Of course, Millennials’ own checkered pasts are somewhat protected by their ability to cannily manipulate information and censor their own online personas. As the internet has come of age, and Millennials have aged right along with it, they have learned the tricks of being able to keep a clean slate online if they want to. Applying for a new job? Purge Facebook of any tagged pictures that might not line up with your resume self. Want to keep those GChat comments private? Set your privacy settings to “Off the Record.” And technology that allows them to make communications impermanent, like Snapchat and Burn Note, have steadily grown in popularity with the generation. 

Still, even as they cover their own digital tracks, Millennials generally share the attitude that those who may not be as savvy shouldn’t be punished. In 2010, 28-year-old Millennial Democratic politician Krystal Marie Ball ran for Congress in Virginia. During her campaign, her opponents leaked pictures of Ball at a Christmas party with friends six years earlier, dressed in a sexy Santa outfit and joking around suggestively. The images were declared scandalous and Ball didn’t win her seat. But on internet commenting forums, the general reaction among her peers was a collective digital shoulder shrug. Many had far worse records of partying online. Why should they judge someone else for something they might have done themselves, and that in their eyes looked fairly innocent? One Gawker commenter asked, “Where do we send our campaign donations?” Ball’s reaction to the photos was equally Millennial: she acknowledged the pictures and denounced the sexual double standards at play in their reveal. Since then she has built her political career on the power of transparency.
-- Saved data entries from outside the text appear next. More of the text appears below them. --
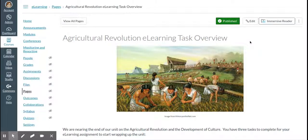The Immersive Reader is a helpful tool that you can find in Canvas Pages. Right now it's only in Pages, but you can also find it in Flipgrid and in Nearpod. The way it works is in the upper right corner, you've got a button that says Immersive Reader.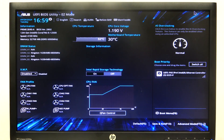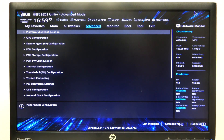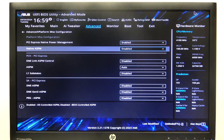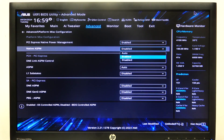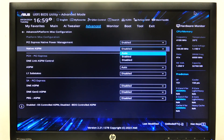To do this, first we'll need to enter Advanced BIOS settings, navigate to the Advanced tab, and then Platform misconfiguration. Here we can find native ASPM that you can enable, disable, or put on Auto.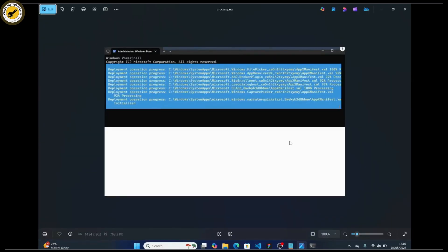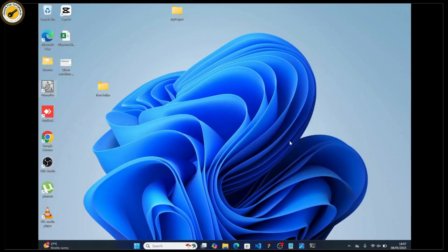Once you hit Enter, you should see something like this. Don't worry if there are any errors in between — that's just part of the process. Once it's done, restart your computer and your issue should be fixed. Hope this video was helpful — if it was, don't forget to like and subscribe. See you in the next one.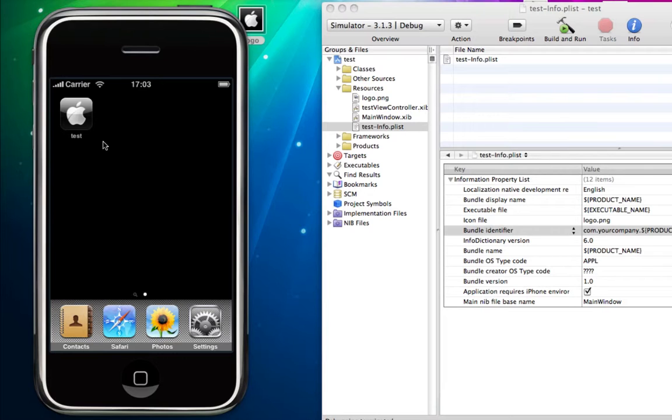That is how ridiculously easy it is to add a logo to your iPhone application. You know, I've had a few requests to do this tutorial now, but for those of you who actually wanted it, here it is. It is very, very simple, and it really does literally take a few seconds.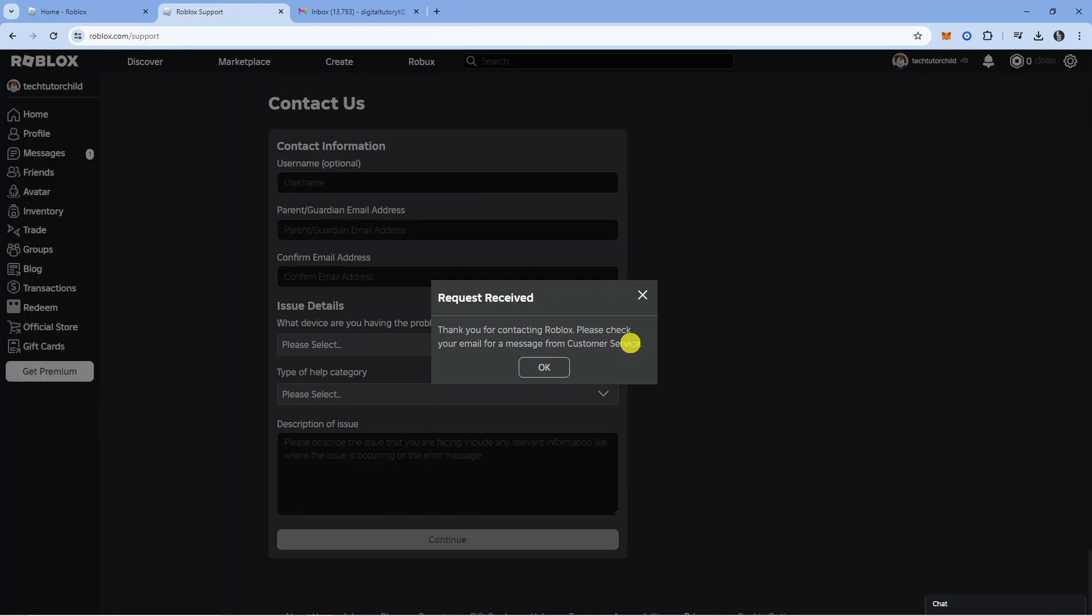Once that's done, you'll get a pop up confirmation saying thank you for contacting Roblox, please check your email for a message from customer service.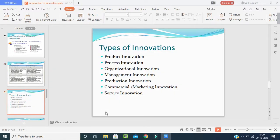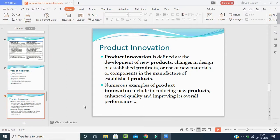Now, types of innovations. We have: product innovation, process innovation, organizational innovation, management innovation, production innovation, marketing or commercial innovation, and service innovation. Product innovation is defined as the development of a new product, changes in design to established products, or use of new materials or components in manufacturing. In product innovation, new changes are brought in design, taste, performance, shape, size, color and other features.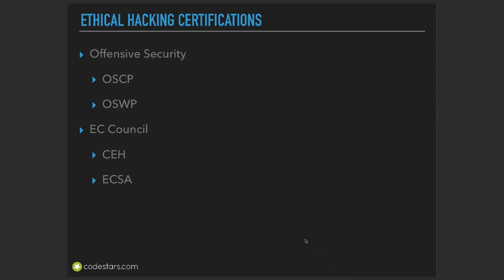We have various options, but in my opinion there are two most popular and most validated certification companies in the world. First of them is Offensive Security, and the other one is EC Council.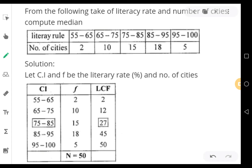Welcome everyone to the class of QABD 1. In this video we are trying to solve a problem on computation of median for a continuous series data.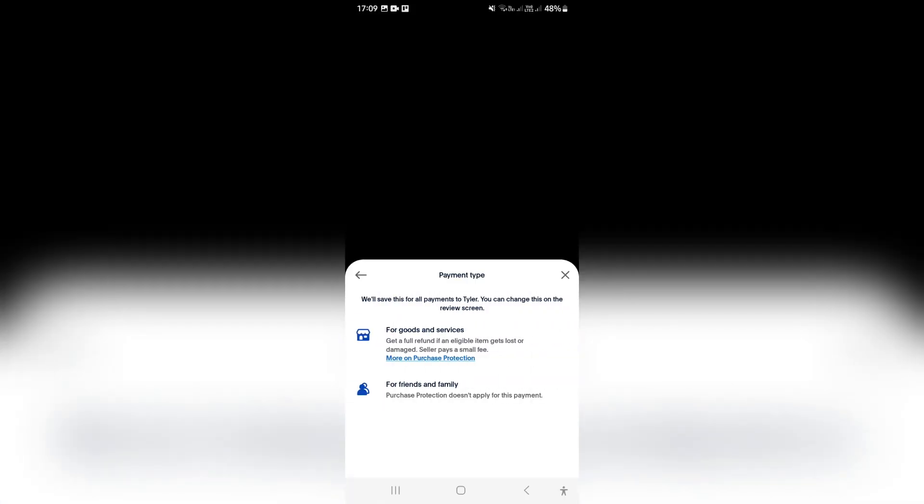Now, right here, you have the option either to send for goods and services, which come with the full refundable plan. If items get lost or damaged, the seller will pay a small fee.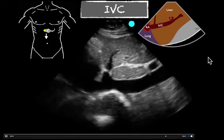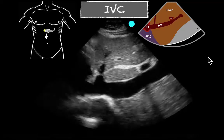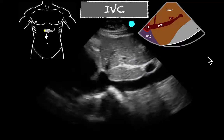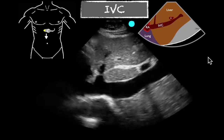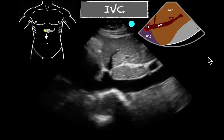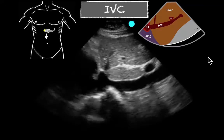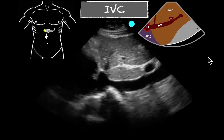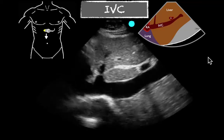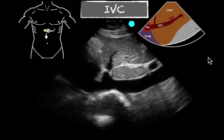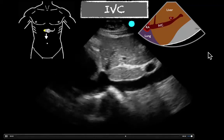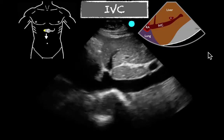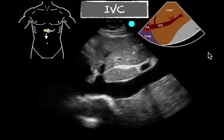If you want, you can put M-mode on there. You could freeze it and try to get the measurements to be exact, and that would be good if you're doing an IVC collapsibility index. But for the most part, I just like to eyeball it, and I do like to save clips of it just so that whoever is following up — a consultant or any physician at a later time — can look at this also. So hopefully that's helpful. These are some normal variations here with essentially normal CVPs. Hopefully that's helpful to you. Thanks.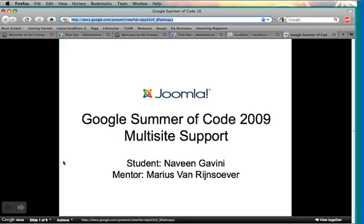Welcome to the second webinar of a series of webinars for the Google Summer of Code 2009. My name is Naveen Gavini, and I'll be presenting my Summer of Code project, which is multi-site support.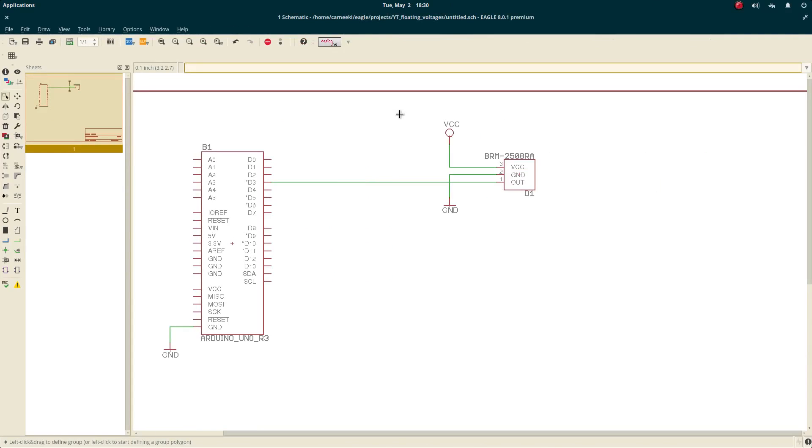Hello, everyone. Today I'm going to talk a little bit about floating voltages in electronics and what a floating voltage is, why they're not a good thing, and two different ways that we can prevent them from happening.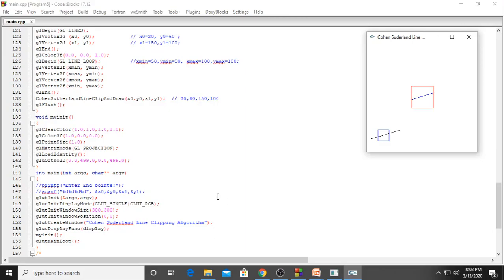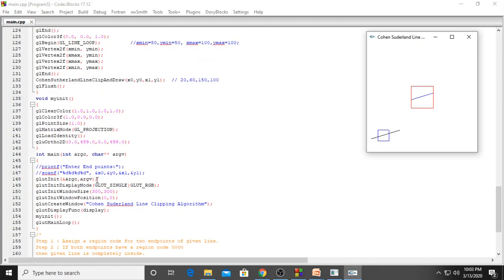Good morning students. We will see the demo program of program number 5, Cohen-Sutherland line clipping algorithm. Now we will start from main. To understand the concept, I request you to refer the previous slide, so you can understand the concept of Cohen-Sutherland and how this algorithm is working. All those concepts are explained. Now I will directly explain the program demo.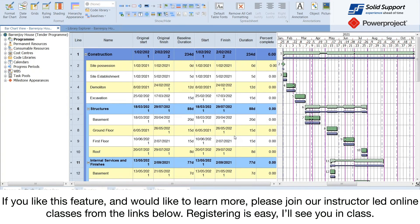If you like this feature and would like to learn more, please join our instructor led online classes from the links below. Registering is easy. I'll see you in class.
None of this is to say that scandals are going the way of the dinosaurs. New issues will rise up to take the place of traditionally taboo public behaviors and the next wave of scandals will be made up of those things that Millennials find socially unpalatable, like corporate discrimination and cover-ups. But in the meantime, the tide on the traditional scandal issues is turning and we can expect that as Millennials age up, the reaction to scandals from leaked photos to drunken arrests will increasingly be a resounding, “Whatever.”